Incidentally - when I talk of 48 CPU's in parallel, it's important to bear in mind that these are NOT general-purpose processors (although the programming 'model' makes it look like they are). There are some things to bear in mind:

1) 48 is the number for the high end nVidia products - the lower end of the range has (IIRC) just 16 processors. This number will go up over time. One of the reasons that GPU performance growth by *FAR* outstrips CPU performance growth is because the GPU designers can just replicate more shader processors as technology shrinks transistor sizes and we'll get a more or less linear improvement in horsepower without any messy software changes.

2) Each processor has four parallel floating point units - so you can do operations on vectors in a single cycle. There are some cunning tricks that can be used to speed things up - eg: In a loop in which some operation on a 'float' happens N times, you may find it better to run the loop N/4 times - doing the operation in 4 way parallel - then combine the results into a single float at the end. We also have stuff like four-way conditional testing resulting in four-way booleans.
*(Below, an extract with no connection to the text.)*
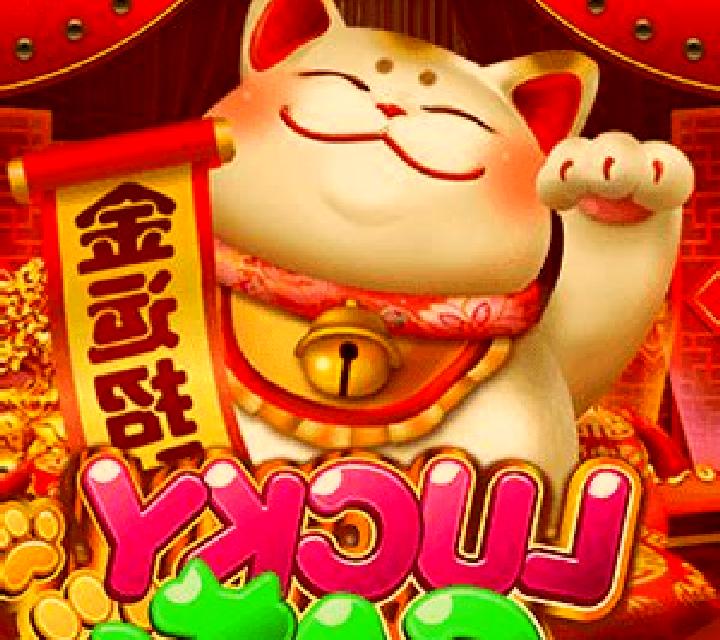Lucky Cat (Hissho Dragon) slot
3) The processors have very specialised instruction sets - so things like calculating the length of a vector using Pythagoras is a single clock tick, cross and dot products are single cycle instructions, matrix multiplication is accellerated. On the other hand, they are useless at dealing with complex data structures, they don't implement pointers or anything like that. Most current systems don't implement arrays other than 1,2,3 or 4 element 'vectors' and 2x2, 3x3 or 4x4 matrices.

4) This is a SIMD (Single-Instruction, Multiple Data) architecture. All of those processors run in utter lock-step through their programs. Thus (for example), if you have:

Code: Select all

 if ( this ) do_that ; else do_something_else ;

...then all of the processors execute BOTH 'do_that' and 'do_something_else' - but the ones that decided not to 'do_that' have write-protected their memory while 'do_that' is being executed, whilst the ones that DID 'do_that' will write-protect when executing "do_something_else". This means that attempting to use conditional code to save processing time is pointless. A similar problem exists with loops. Most current GPU's don't actually have looping instructions and those have to unroll loops at compile time (requiring fixed termination conditions). Even the ones that do implement proper loops have all of the processors executing the loop as many times as the worst case processor. This has severe consequences on how you program.
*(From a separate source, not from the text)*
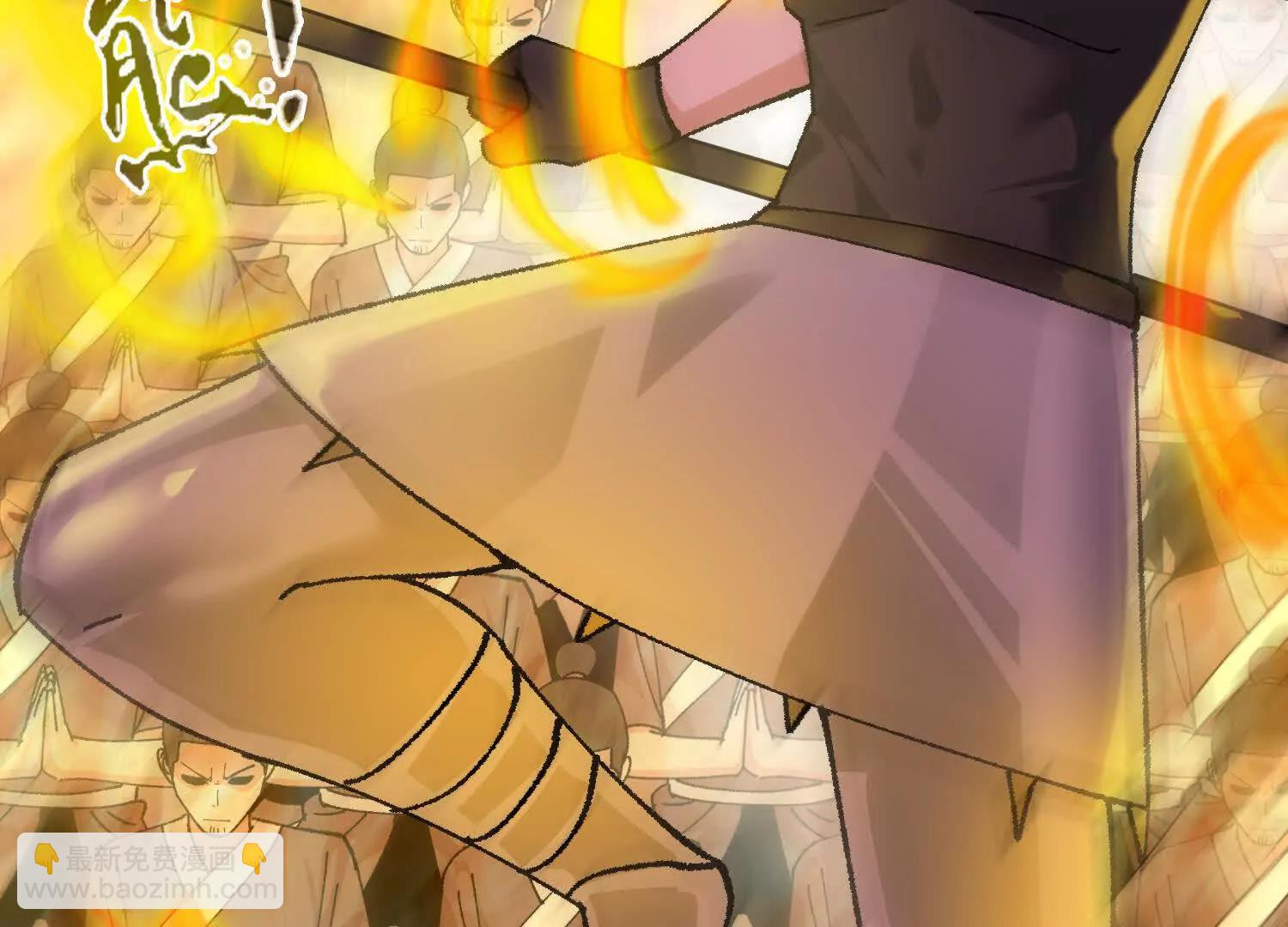 第57话  斩草除根164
5) When we do these parallel operations, the 'per object' data comes in as textures and 'per object' data goes out as a single texture. Since we can only read about 16 textures into the shader and write only one texture on the output, we'll have to chop up the algorithms into really simple steps. Fortunately, each texture can contain 1,2,3 or 4 numbers per object.

6) Setup costs are horrendous. Whilst there may be 'only' 48 processors, it's very inefficient to do things in 48-way parallel 'chunks'. Doing things in ten-thousand-way parallel is much faster because you avoid those repeated setup costs. A better 'mental model' is to imagine you have a fairly slow 10,000 processor machine rather than a blindingly fast 48 processor machine.

7) There is no persistant memory inside the processors - you have to save your results into a single 4-component texture. There is also *almost* no communications between processors. (You can ask what the rate of change of one of your variables is across 'neighbouring' processors - but that's about it).